Di Redazione
Si è svolta ieri a Roma la conferenza stampa di presentazione della candidatura di Antonella Bellutti, la sfidante di Giovanni Malagò per il ruolo di presidente del Coni nelle elezioni che si terranno il prossimo 13 maggio. Tra gli interventi a favore dell’ex ciclista, due volte campionessa olimpica, ci sono stati anche quelli di due rappresentanti del mondo della pallavolo: Manù Benelli, candidata alla carica di rappresentante dei tecnici, e Lara Lugli, la giocatrice protagonista di un caso mediatico che ha varcato di gran lunga i confini dell’Italia dopo aver denunciato il trattamento ricevuto dalla sua ex società durante la sua gravidanza.
“Lo sdegno e lo stupore generale sulla mia vicenda – ha spiegato Lugli – hanno generato in me perplessità e domande sui rappresentanti delle istituizioni adibite a vigilare sullo sport: ma come ci sono finiti lì? Cosa stanno facendo? Quanto ci vorrà per assistere a un cambiamento di rotta? Perché siete stupiti, perché non sapevate già, perché non siete intervenuti anni luce prima? La solidarietà l’accetto dagli amici, dalle associazioni, dagli sportivi, non da chi le regole le fa: da loro mi sarei aspettata delle scuse rivolte a tutte le Lara Lugli, che sono tantissime, ma ho visto invece mancanza di impegno e di volontà nel voler risolvere una volta per tutte queste situazioni da Medioevo“.

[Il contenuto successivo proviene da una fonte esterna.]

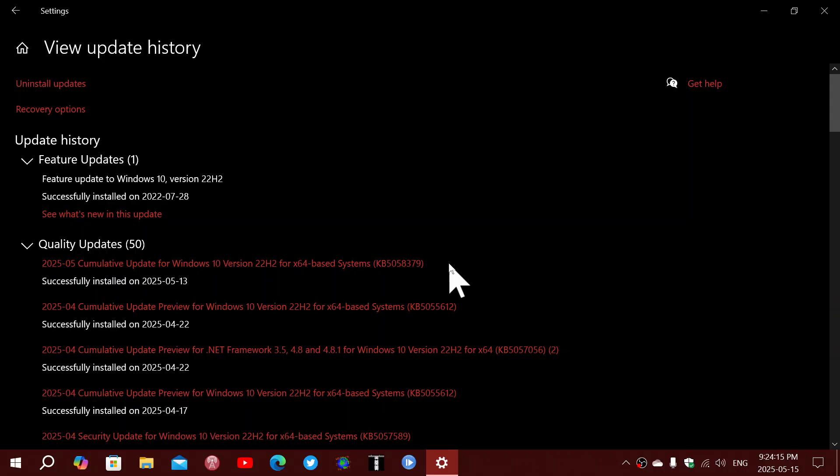Also there's starting to be a pretty high number of people saying that the update is actually failing and it's giving an error message or it's just rolling back and going back to the state that it was and not working at all. So it's enough that we now start to see a pattern.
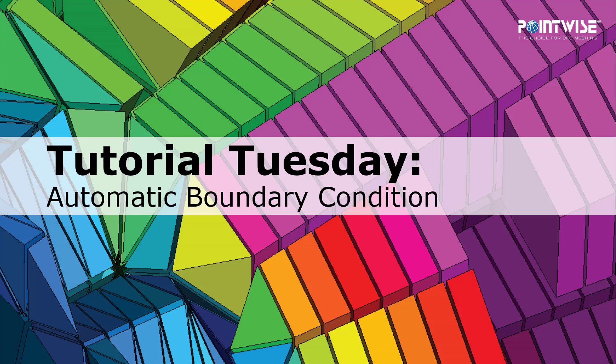Welcome to PointWise's Tutorial Tuesday, where we show you how to use a feature or demonstrate a technique in just a couple of minutes. Today we're talking about the Automatic Boundary Condition.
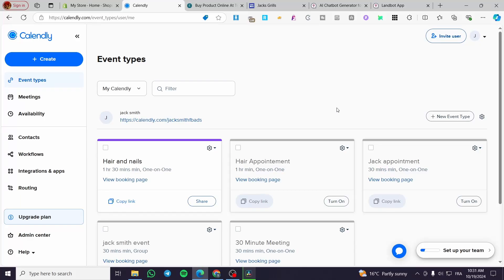How to set up a Calendly and Stripe integration. Hello guys and welcome to this new tutorial. Today I'm going to show you how easy it is to set up the Calendly and Stripe integration. It is very easy and simple — all you need to do is follow the tutorial from beginning to end and you are going to be good to go.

“Antonella – ha aggiunto la giocatrice – mi ha confermato da subito l’esistenza di queste discriminazioni, senza fingere stupore. Gli sportivi seguono principi semplici di etica e quando vengono calpestati sentono qualcosa dentro di loro che non possono ignorare. Per questo ci dobbiamo battere perché le belle parole diventino fatti. Chi ci rappresenta deve imparare ad ascoltare: lo sport non è un gioco di potere, è per antonomasia l’espressione di sani principi. E punto il dito anche su noi atleti, perché non possiamo pretendere di ricevere maggiori diritti se non siamo disposti ad assumerci maggiori doveri“.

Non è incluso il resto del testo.